デザインやアート、暮らし、インテリアの書籍を置いて、学べる場として提供しています。
さらに考えているのが、この空間を、レンタルスタジオの空間と並行してアートや芸術の表現の場として活用したいと考えています。
アーティストや芸術を学んでいる学生や表現の場を欲している人達にもっと貢献したい。そこでたくさんの刺激が生まれることも期待して。また随時お知らせいたします。
小学生の時に、父に連れられて行ったゴッホ展。わたしは何か、はっきり言うことはできないけれど、そこでとても感動し、ゴッホが大好きになりました。その頃の記憶は今でもすごく鮮明で、アートの道に進みたいと思わせてくれるきっかけです。そしてその後、実際にアートや芸術を学んだことで、さらに芸術だけではない多くのことが経験でき、たくさんのことを学びました。

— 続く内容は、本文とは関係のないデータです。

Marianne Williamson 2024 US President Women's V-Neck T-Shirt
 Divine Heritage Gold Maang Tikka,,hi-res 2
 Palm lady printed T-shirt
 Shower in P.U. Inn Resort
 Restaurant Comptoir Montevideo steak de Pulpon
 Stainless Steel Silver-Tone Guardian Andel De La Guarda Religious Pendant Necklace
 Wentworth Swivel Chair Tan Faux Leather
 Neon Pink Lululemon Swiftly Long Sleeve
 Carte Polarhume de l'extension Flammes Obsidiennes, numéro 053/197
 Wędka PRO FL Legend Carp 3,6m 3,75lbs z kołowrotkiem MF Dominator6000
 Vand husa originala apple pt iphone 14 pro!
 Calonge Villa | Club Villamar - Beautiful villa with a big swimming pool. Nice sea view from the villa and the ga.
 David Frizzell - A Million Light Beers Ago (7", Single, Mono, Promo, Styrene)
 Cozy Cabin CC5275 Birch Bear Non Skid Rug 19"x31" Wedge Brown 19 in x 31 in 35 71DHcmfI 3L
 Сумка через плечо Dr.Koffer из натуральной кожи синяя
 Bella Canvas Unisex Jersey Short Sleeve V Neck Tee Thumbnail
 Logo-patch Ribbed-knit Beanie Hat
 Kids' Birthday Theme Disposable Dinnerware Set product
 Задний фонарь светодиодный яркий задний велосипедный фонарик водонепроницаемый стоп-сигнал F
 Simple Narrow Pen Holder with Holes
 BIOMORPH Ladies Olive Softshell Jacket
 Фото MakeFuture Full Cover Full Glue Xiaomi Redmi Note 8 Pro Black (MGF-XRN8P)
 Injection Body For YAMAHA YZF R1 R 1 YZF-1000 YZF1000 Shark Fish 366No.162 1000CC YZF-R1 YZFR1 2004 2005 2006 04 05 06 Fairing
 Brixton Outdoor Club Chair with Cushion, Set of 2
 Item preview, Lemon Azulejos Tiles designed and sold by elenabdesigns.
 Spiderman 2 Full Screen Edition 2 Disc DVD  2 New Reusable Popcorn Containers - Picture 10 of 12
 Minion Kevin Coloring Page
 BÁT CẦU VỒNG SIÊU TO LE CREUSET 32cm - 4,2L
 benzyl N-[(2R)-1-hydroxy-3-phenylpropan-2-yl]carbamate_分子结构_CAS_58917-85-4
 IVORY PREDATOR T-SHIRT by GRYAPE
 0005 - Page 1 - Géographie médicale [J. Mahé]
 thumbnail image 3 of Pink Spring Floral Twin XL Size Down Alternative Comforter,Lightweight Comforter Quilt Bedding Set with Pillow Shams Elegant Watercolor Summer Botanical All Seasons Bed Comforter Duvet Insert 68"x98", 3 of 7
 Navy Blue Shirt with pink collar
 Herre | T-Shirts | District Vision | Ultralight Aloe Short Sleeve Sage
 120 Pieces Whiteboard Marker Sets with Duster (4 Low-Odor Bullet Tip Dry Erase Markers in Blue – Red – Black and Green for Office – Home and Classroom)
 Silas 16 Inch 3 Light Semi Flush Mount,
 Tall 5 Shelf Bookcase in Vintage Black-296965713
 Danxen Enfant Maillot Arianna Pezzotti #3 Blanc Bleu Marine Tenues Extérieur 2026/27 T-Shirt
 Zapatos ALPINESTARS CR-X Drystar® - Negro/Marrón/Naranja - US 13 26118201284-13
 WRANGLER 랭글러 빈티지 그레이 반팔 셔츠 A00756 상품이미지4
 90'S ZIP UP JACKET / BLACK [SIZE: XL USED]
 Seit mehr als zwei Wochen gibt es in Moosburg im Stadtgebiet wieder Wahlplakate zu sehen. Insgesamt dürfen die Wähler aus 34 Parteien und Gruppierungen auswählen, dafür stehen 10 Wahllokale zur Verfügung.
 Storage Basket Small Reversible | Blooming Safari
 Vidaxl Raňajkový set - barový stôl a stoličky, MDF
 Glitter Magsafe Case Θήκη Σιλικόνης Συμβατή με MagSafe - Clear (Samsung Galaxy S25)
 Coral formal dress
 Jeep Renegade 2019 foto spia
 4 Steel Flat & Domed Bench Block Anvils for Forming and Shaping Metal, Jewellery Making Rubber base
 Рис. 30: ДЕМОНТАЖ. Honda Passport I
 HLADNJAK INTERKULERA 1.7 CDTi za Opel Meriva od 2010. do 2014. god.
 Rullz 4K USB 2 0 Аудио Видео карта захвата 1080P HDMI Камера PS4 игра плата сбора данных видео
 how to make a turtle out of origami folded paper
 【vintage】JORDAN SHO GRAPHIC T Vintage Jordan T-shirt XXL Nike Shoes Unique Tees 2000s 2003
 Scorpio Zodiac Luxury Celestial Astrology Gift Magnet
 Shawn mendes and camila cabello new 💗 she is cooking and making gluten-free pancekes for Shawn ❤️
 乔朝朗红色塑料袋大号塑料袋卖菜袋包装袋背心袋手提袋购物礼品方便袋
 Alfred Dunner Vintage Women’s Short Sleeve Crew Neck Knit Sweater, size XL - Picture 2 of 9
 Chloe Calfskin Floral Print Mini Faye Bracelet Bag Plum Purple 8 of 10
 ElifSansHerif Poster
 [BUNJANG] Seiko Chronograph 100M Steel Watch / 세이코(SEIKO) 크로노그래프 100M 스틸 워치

アートに限らず、様々な価値観は人それぞれですが、何か行動に起こすことも、何かをつくることも、そこに少しアート的な思考が加わることで劇的に変わることもあります。
その自由な発想で、世界を変える力を持つ人がもっともっと生まれますように。サスティナブルな社会実現ために。世界は大きく動き出しています。